In the collections of the Chester Beatty Library, in Dublin.

Today’s sharing from the Blue House of Via-HYGEIA, are chapter III of Part I & Chapter I of Part II from Suhrawardi’s treatise, ‘The incantation of the Simurgh‘ (Safir-e Simorgh)-from pages 454 to 458 in the 1976 Fayard French edition by Henry Corbin. English translation by Via-HYGEIA from the Professor’s original French of the original Persian.’ From note 19, page 466: ‘Suhrawardi elsewhere spoke about the Sakina, here, he repeats its precise definition. There is a standing analogy with the Hebrew ‘Shekhina‘, which is the mysterious presence of God in the Holy of the Holy in the Temple, and for Suhrawardi Sakina is the presence hereunder of the divine Lights in our soul-temple. Being of the light realm, the Sakina/Shekhina is associated by Suhrawardi to the Xvarnah, the Mazdean Light of Glory, and this association is so much at the heart of his idea of the Ishraq that, for him, the Ishraqiyun are the ‘community of the Sakina‘ (ahl al-Sakina). When possible, we will translate the rest of this treatise, soon.


Part I – Upon the Beginnings – Chapter III –  About the Sakina

When the lights from the world of the Mystery reach their maximum, and that they do not tend to vanish in a hasty manner, but remain a certain amount of time, this is what we call the ‘Sakina’.The softness it makes us feel is more perfect than the one of the other lightnings. When Man falls back from the Sakina to the normal human condition, he feels an immense regret originating from this separation. It is in this meaning that one of the Just spoke this distich: ‘O breeze of proximity, how soft your are! Who has lived in you has felt the taste of intimacy!
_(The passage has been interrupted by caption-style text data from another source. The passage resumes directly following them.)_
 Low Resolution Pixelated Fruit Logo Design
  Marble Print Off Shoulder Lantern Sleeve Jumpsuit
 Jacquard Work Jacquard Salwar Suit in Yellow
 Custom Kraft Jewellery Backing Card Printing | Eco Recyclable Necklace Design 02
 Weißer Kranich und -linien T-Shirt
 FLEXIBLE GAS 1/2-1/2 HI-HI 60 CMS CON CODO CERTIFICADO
O sustenance for those who came close to you! Those who were watered by the cup drawn from your source!’ And in the holy Qur’an it is often made mentioned of the Sakina, for example: ‘It is God who made the Sakina descend into the hearts of the believers.’ (Qur’an, 9-26) Elsewhere He says: ‘It is God who made the Sakina descend into the hearts of the believers, so that they grow in faith with more faith.’ (48-4).

The person for whom this Sakina is happening-in act-reaches the knowledge of the secret thoughts of men and of the divination of hidden things; his physio-gnomonic science is perfect. The Prophet warns us in saying: ‘Fear the physio-gnomonic science of the Believer, because it is to God’s light that he is gazing upon‘. The Prophet was also saying about ‘Omar: ‘The Sakina speaks through the tongue of ‘Omar.’ and also: ‘There are in my community men to whom beings of the spiritual reals talk and who are the interlocutors; ‘Omar is among them.’ (Henry Corbin note: Those who talk with the Angels are called ‘Mohaddathun’ and should not be confused with those who transmit the ‘sayings’ (logia) or ‘hadith’, who are called ‘Mohaddithun‘.).
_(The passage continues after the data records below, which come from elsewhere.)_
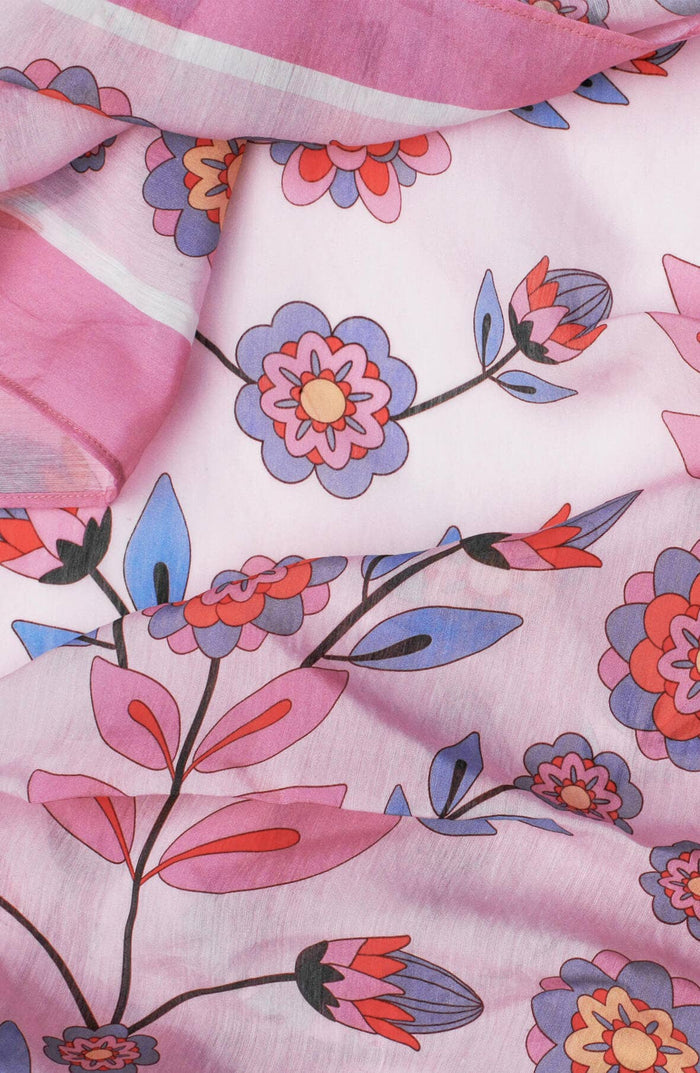 Jessie Zhao New York Beach Sarong Wrap in Pink Garden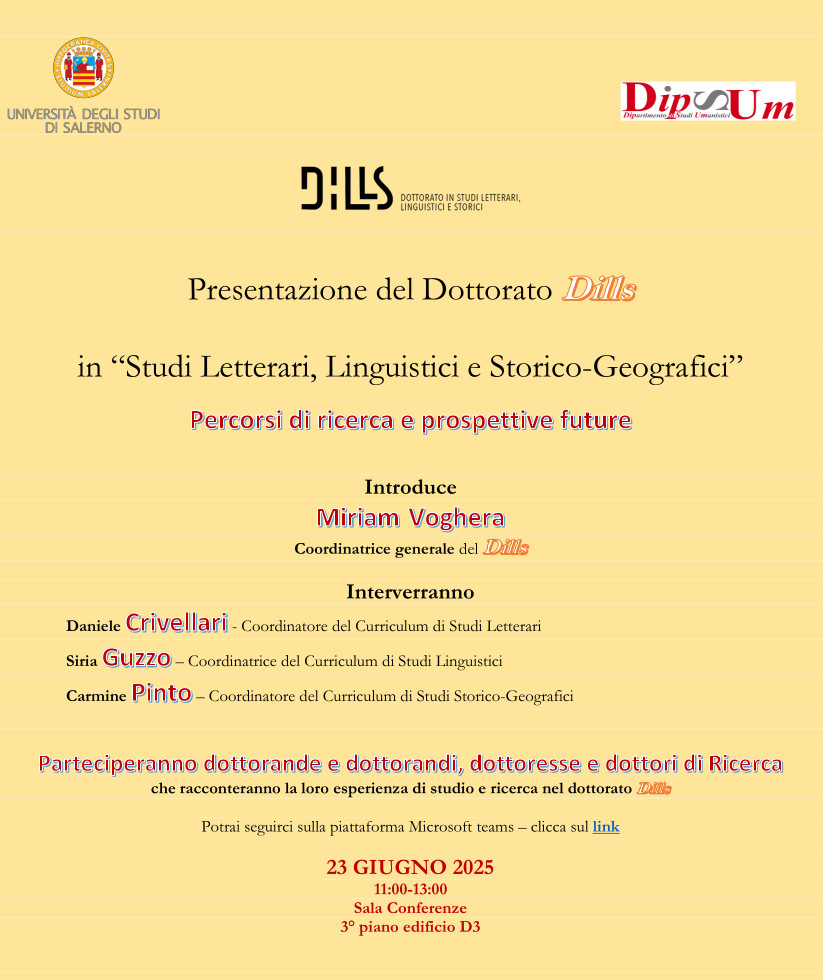Presentazione del dottorato Dills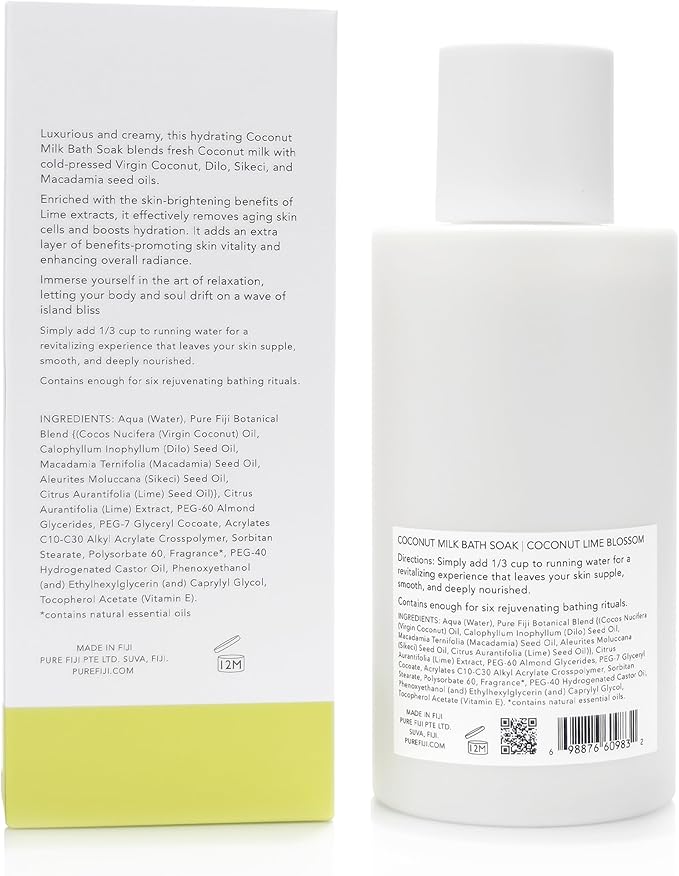 Pure Fiji Coconut Milk Bath Soak, Coconut Lime Blossom (14oz/415ml)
In fact, the person who is invested with the Sakina hears from the superior Paradise calls that are extremely subtle. Instructions from spiritual beings (ruhaniyat) reach him and he feels a confident re-assurance. It is this that the divine Revelation mentions when it says: ‘Is it not through the inner remembrance of God (dhikr Allah) that the hearts are appeased?’ (Qur’an 13-28) He contemplates extremely delicate and subtle forms. In striving to ressemble them, he operates his junction (connection, in French: jonction) with the superior Dwellings. This station is still an intermediary station among the mystical stations of the faithful of Love (ahl-mahabbat). In the intermediary state between wake and sleep, the mystic hears terrifying voices and also extraordinary calls. At the moment when the Sakina shrouds him, he contemplates amazing lights. It may happen that he collapses under the excess of pleasure felt.

Such are the events that lay upon the path of those who have a real experience (the Mohaqqiqun), and not upon the path of those who close their eyes in places of retreat and play a game of shadow. If those people would only discover a trace of the Lights that the True Ones (Via-Hygeia note: in French: ‘les Véridiques’) experience, they would be tormented with such bitter regrets! ‘And perished, there and then, all those who reduced everything into trifles!’. (Qur’an 40-78).


Part II – Upon the Aims-Chapter I- About the state of ‘fana’

This Sakina becomes so omnipresent that, even though a man would want to part with it, he could not. That man becomes such a host to the Sakina, that at any time at will, he can free himself from his body (qalib, the mold); he then aims towards the world of Magnificence and continues his ascension (mi’raj) until the supreme horizons. At any time he wants and when it is convenient; this ability is easy to him. When he considers himself, he is filled with joy, because he is contemplates the divine Lights that are rising and spread all around him. But, this is still imperfection. (Henry Corbin note:  Because he still considers himself in his joy. What was still ‘object‘ will need to become ‘subject‘; meaning that in the action of the subject knowing, it is the object that actually knows itself. The initial subject becomes a ‘mirror‘ (speculum). Such is the position of any the ‘speculative’ theosophy-in the etymological sense of the word-in connection with any abstract philosophy or theology fathoming this subject. Hence the degrees of Tawid, recalled further on).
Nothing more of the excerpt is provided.